# TASK TO CARRY OUT:
Across the whole listing, return each line exactly, with no images included.

# DATA EXCERPT:
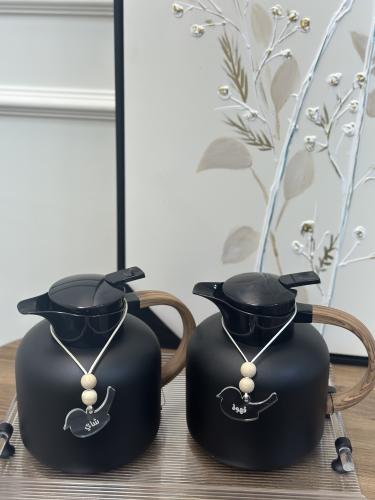 تعليقات ترامس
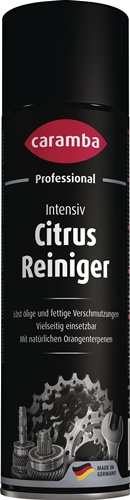 Intensiv Citrusreiniger 500ml Spraydose CARAMBA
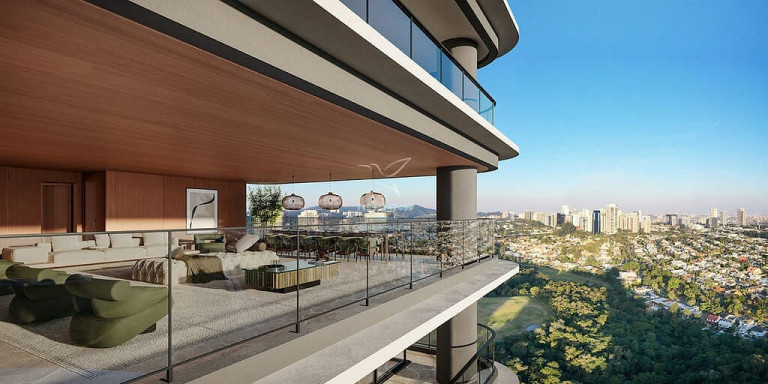 Imagem Apartamento com 2 Quartos à Venda, 110 m² em Centro - Barueri Imagem Apartamento com 2 Quartos à Venda, 110 m² em Centro - Barueri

# SOLUTION TO THIS TASK:
 تعليقات ترامس
 Intensiv Citrusreiniger 500ml Spraydose CARAMBA
 Imagem Apartamento com 2 Quartos à Venda, 110 m² em Centro - Barueri Imagem Apartamento com 2 Quartos à Venda, 110 m² em Centro - Barueri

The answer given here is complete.